§ **Work instructions**
The output must contain exactly the lines from the top of the listing below through the line containing "Hello friends and", and no pictures.

§ **Material for this task**
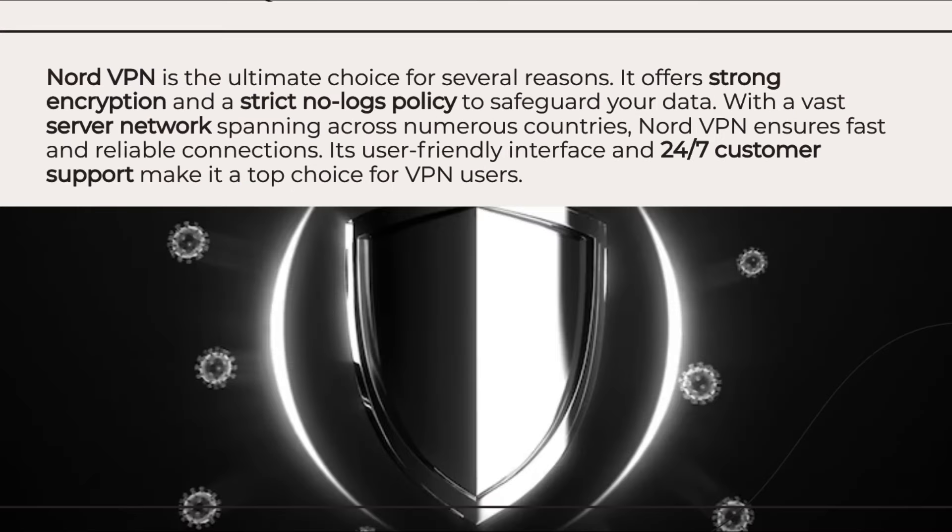NordVPN is the ultimate choice for several reasons. It offers strong encryption and a strict no-logs policy to safeguard your data. With a vast server network spanning across numerous countries, NordVPN ensures fast and reliable connections. Its user-friendly interface and 24/7 customer support make it a top choice for VPN users.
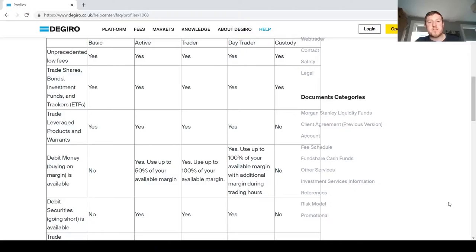Another positive is they have loads of different account types to suit whatever your need is. There are five different types: the Basic, the Custody, the Active, the Trader, and the Day Trader. The Custody account gives you access to stocks and ETFs, but as you go up to the Active or Trader accounts you get access to margin and more complex products such as options and leveraged products. I'll leave a link to this table below so you can decide which account suits you best before signing up.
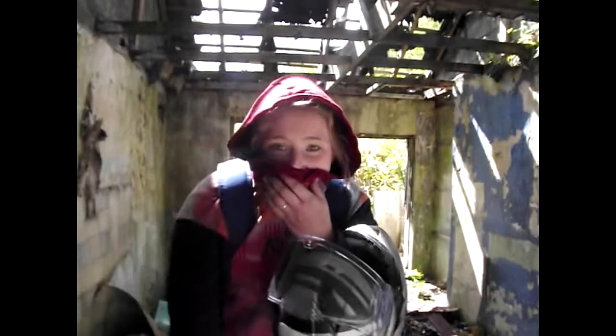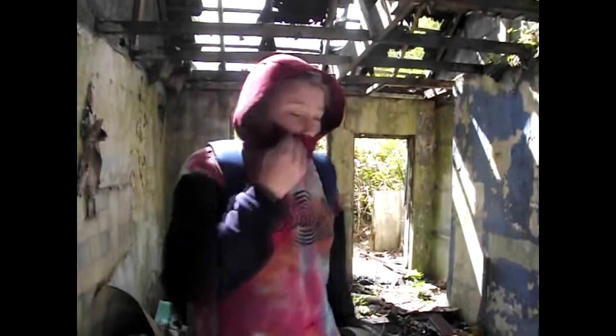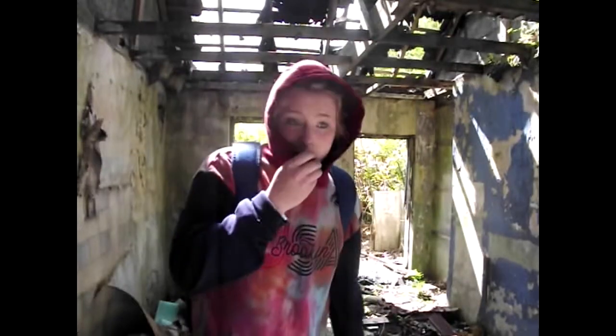Hey guys, what is going on? It is your girl here, back with another abandoned video. I've got to put this over my mouth because I think there's asbestos above me. But what is going on? Today we're in an old abandoned farm kind of thing.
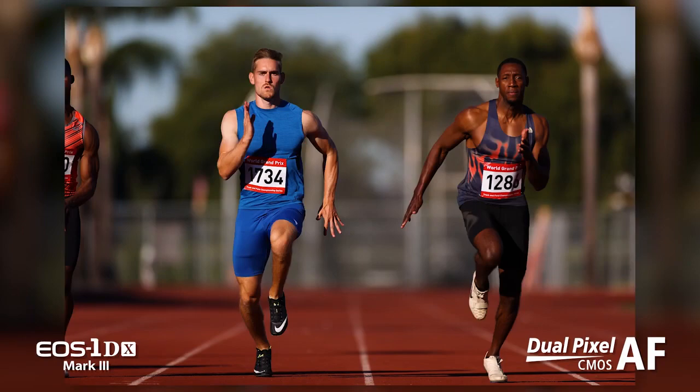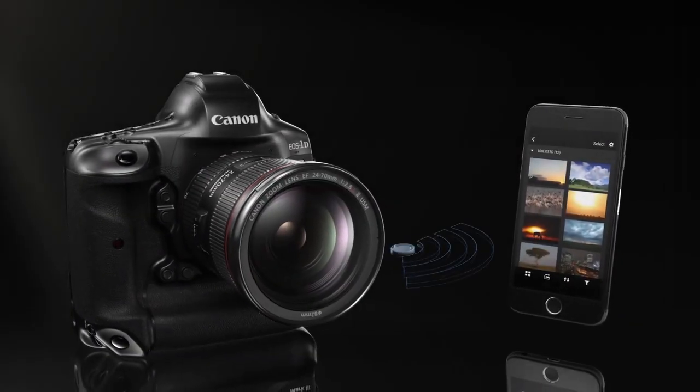Built-in Wi-Fi now meets the needs of the serious enthusiast for remote camera control and viewing or transferring of images and video to mobile devices. For Canon USA, I'm Rudy Winston.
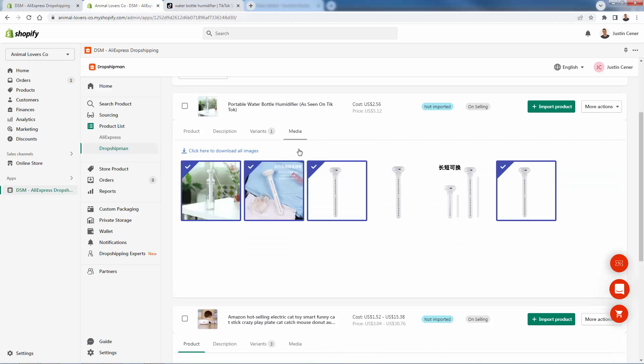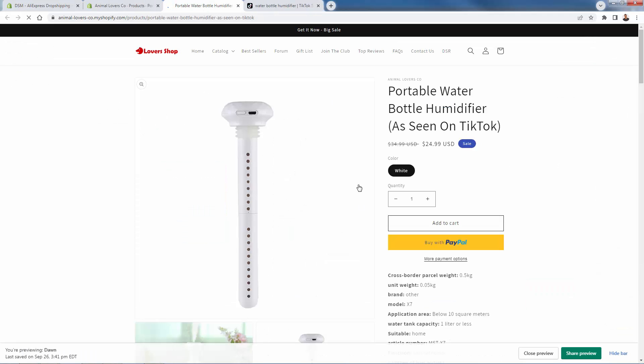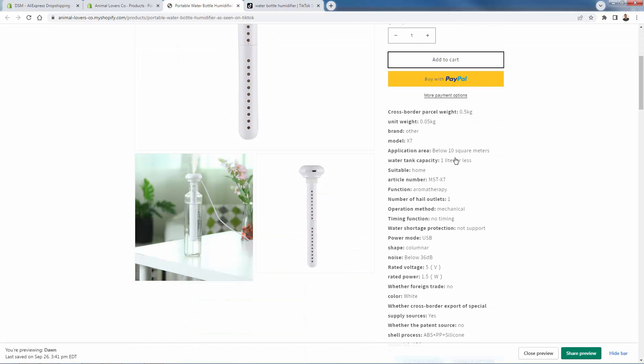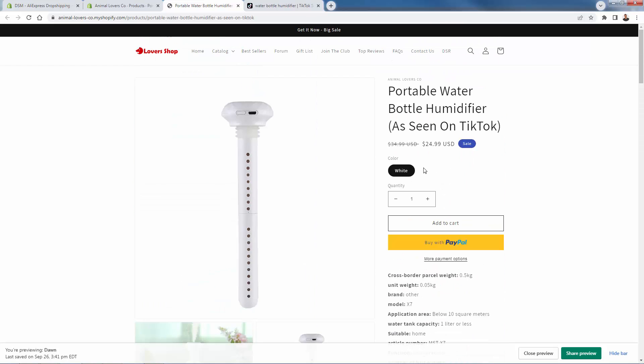Now we come into media. We can select different imagery — we'll avoid anything with non-English text on it, so we can remove that and swap in other images. Once we confirm everything looks the way we want, we press import product. Just like that, the portable water bottle humidifier is now in our store, able to be bought, able to be added to cart. You can see the product images and all the information brought over, including the extra product images we selected.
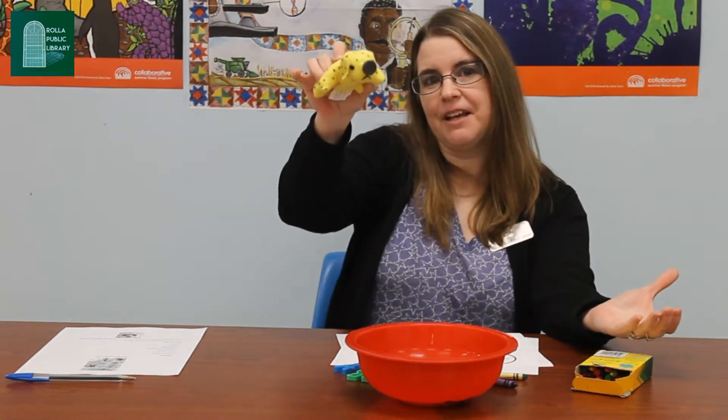Hello friends and welcome back to the Rolla Public Library summer reading program. We are on week five of the program and it is all about Pup Fiction, so this week is all about dogs. Don't forget to come to the library and pick up your grab-and-go bags for this week. We're going to have a lot of activities, games, and also some crafts for you guys to pick up.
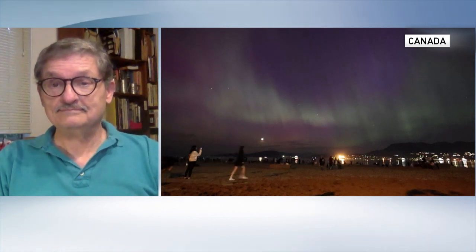Aurora Australis is in the Southern Hemisphere, and we experience Aurora Borealis in the north. Talk about the countries that have seen it and if there are any left to still see it.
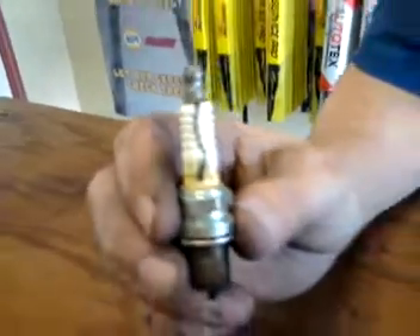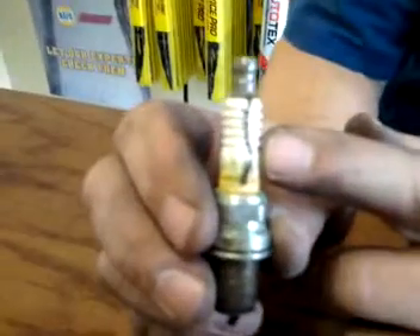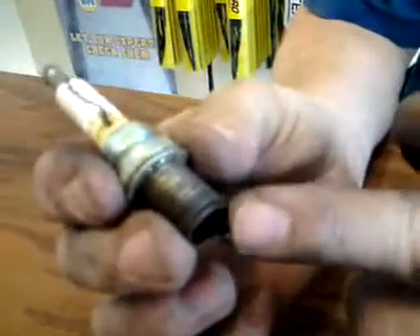Here's a spark plug. This right here — you can see a black line going down the spark plug — that's carbon tracking. The spark will run down that and ground instead of actually firing the spark plug.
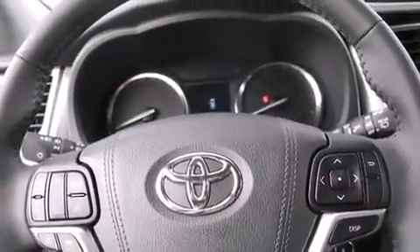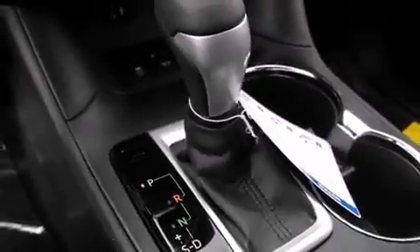Third-row seats expand the maximum passenger capacity to eight. Premium sound drives six speakers, providing you and your passengers a sensational audio experience.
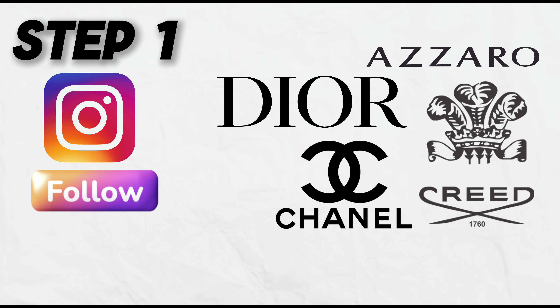And when I say perfume samples, I don't mean miniature sets. I'm talking about 100% free samples. But before I show you how to do that, let me know in the comments down below which perfume you would like to have a sample of.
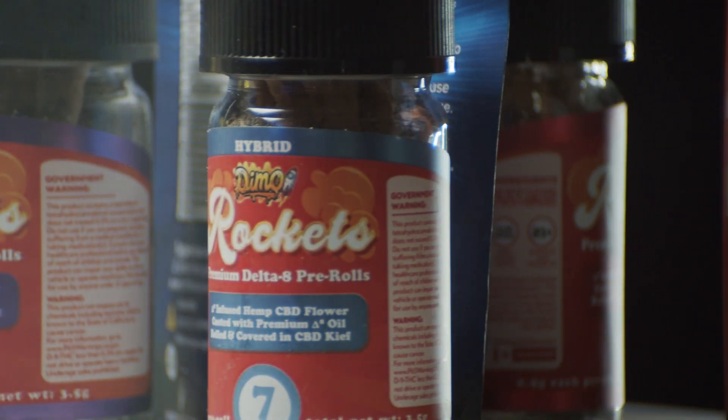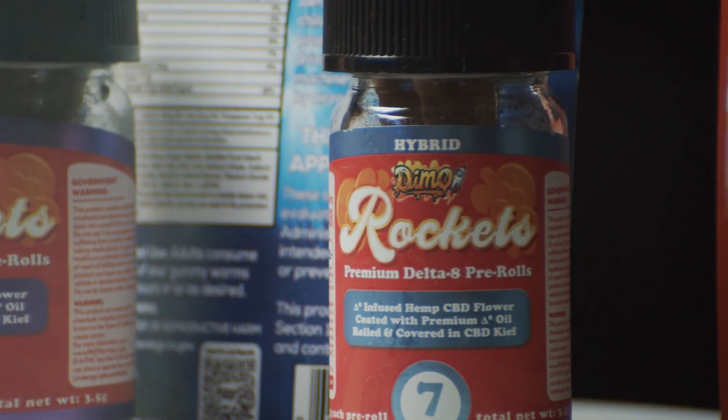If you live in a state where cannabis is currently prohibited, hemp products are not. So you can still get a cannabis high, but without, you know, the popo showing up to the door.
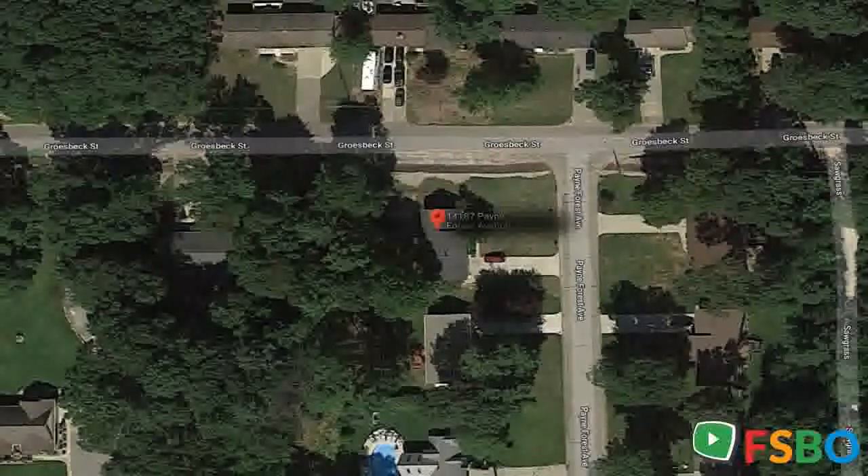The main floor offers self-sufficient living with three bedrooms, one and one half baths, and laundry. The living room has new hardwood floors and a stunning floor-to-ceiling stone fireplace. Efficient oak kitchen with appliances included.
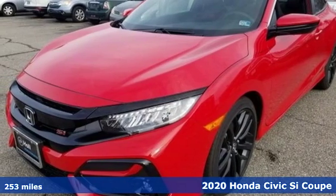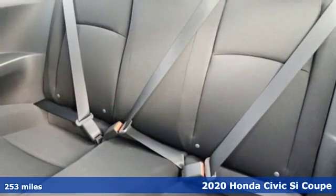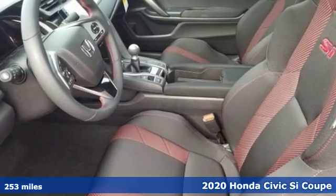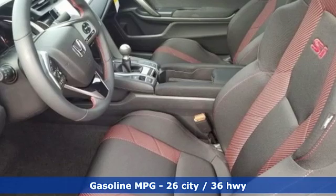It's a new 2020 Honda Civic SI Coupe. Obliterate expectations on every street and around every corner. It comes with the features you need and better yet want.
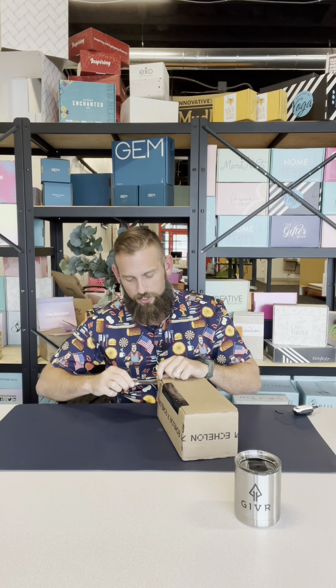Unboxing score. Let's get into it — brought to you by Bradford Knives. Super smooth. Let's unbox this.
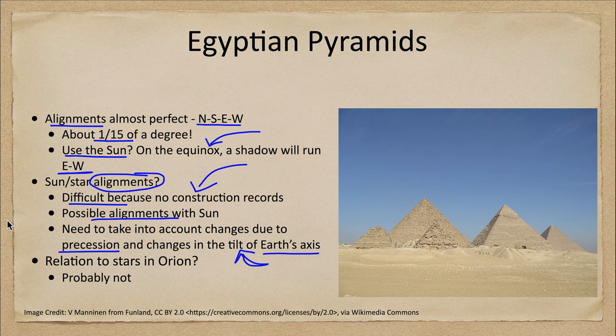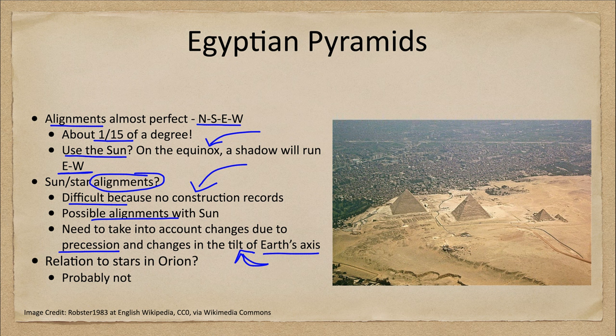One alignment that sometimes comes up is a relationship between the pattern of the pyramids and the stars in Orion's belt. There are three primary pyramids that are lined up in rough spacing to those stars. However, we think this is probably not intentional — the arrangement is actually slightly inverted from what you would see in the sky, and the spacing is close but not exactly precise. So it's very difficult to conclude there's any real alignment with Orion, rather than just three pyramids spaced out in one area.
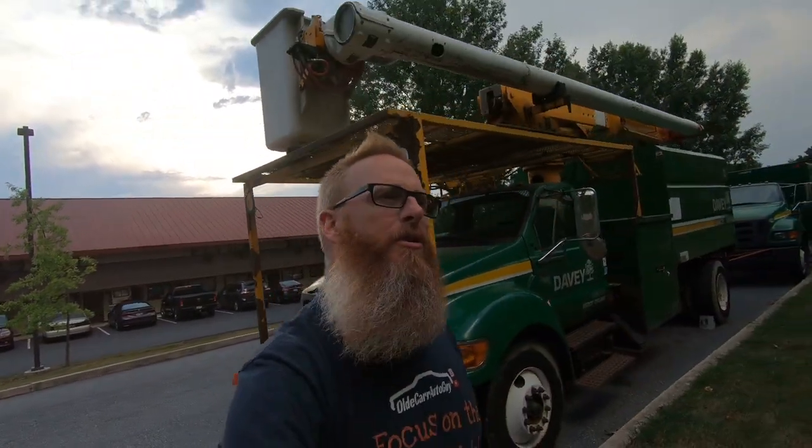We just got back to the hotel. There is a storm brewing. We ate at this wonderful place called Mission Barbecue — very, very good. They're all about the troops and all about our first responders.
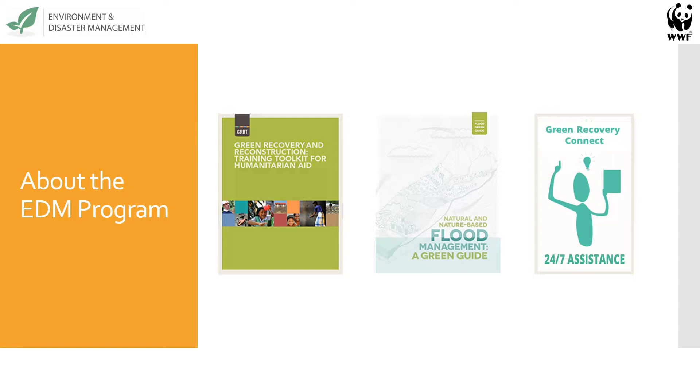The GERD is available in Spanish, English, and Bahasa Indonesia. Our most recent project, the second program area, is natural and nature-based flood management, a green guide. We developed this in partnership with the U.S. Office of Foreign Disaster Assistance. This guide and training program supports flood management that uses a combination of policy, natural nature-based methods, and traditional engineering to maximize the benefits of flooding while reducing risk.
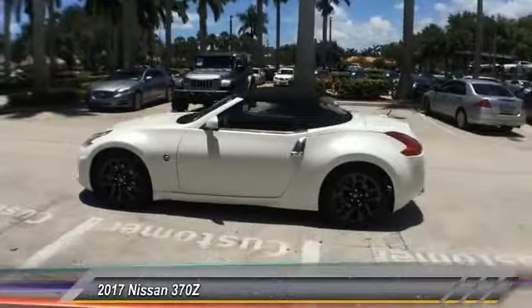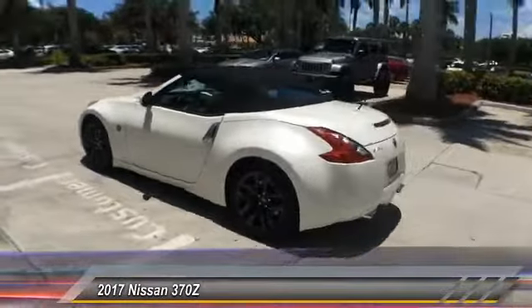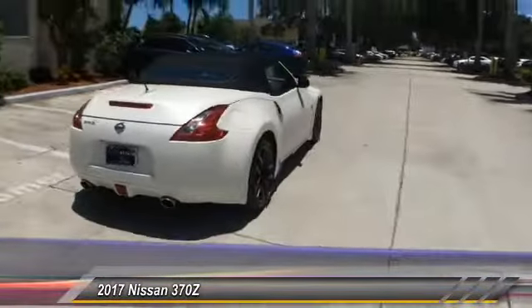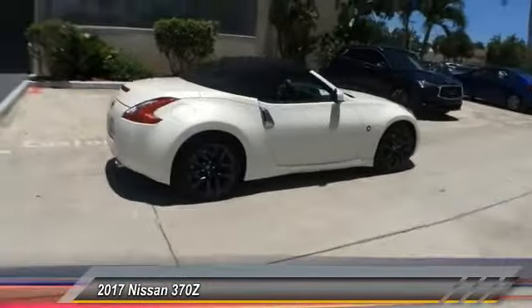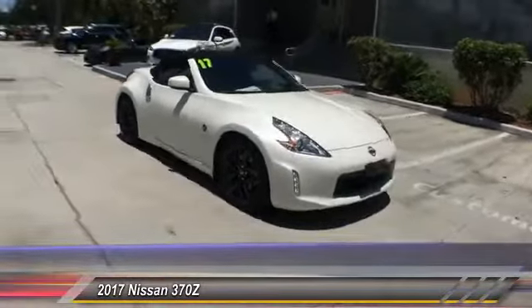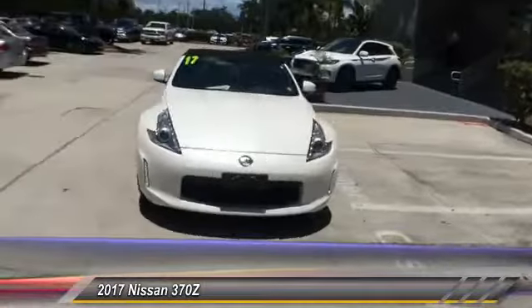The 2017 370Z. With its richly crafted driver-obsessed cockpit and the world's first synchro rev match manual transmission, the lower, wider, lighter Nissan Z is in a class all its own and is priced below $35,000.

§ **Output for this exercise**
NordVPN is the ultimate choice for several reasons. It offers strong encryption and a strict no-logs policy to safeguard your data. With a vast server network spanning across numerous countries, NordVPN ensures fast and reliable connections. Its user-friendly interface and 24/7 customer support make it a top choice for VPN users.
Another positive is they have loads of different account types to suit whatever your need is. There are five different types: the Basic, the Custody, the Active, the Trader, and the Day Trader. The Custody account gives you access to stocks and ETFs, but as you go up to the Active or Trader accounts you get access to margin and more complex products such as options and leveraged products. I'll leave a link to this table below so you can decide which account suits you best before signing up.
Hey guys, what is going on? It is your girl here, back with another abandoned video. I've got to put this over my mouth because I think there's asbestos above me. But what is going on? Today we're in an old abandoned farm kind of thing.
Built-in Wi-Fi now meets the needs of the serious enthusiast for remote camera control and viewing or transferring of images and video to mobile devices. For Canon USA, I'm Rudy Winston.
Now we come into media. We can select different imagery — we'll avoid anything with non-English text on it, so we can remove that and swap in other images. Once we confirm everything looks the way we want, we press import product. Just like that, the portable water bottle humidifier is now in our store, able to be bought, able to be added to cart. You can see the product images and all the information brought over, including the extra product images we selected.
Hello friends and welcome back to the Rolla Public Library summer reading program. We are on week five of the program and it is all about Pup Fiction, so this week is all about dogs. Don't forget to come to the library and pick up your grab-and-go bags for this week. We're going to have a lot of activities, games, and also some crafts for you guys to pick up.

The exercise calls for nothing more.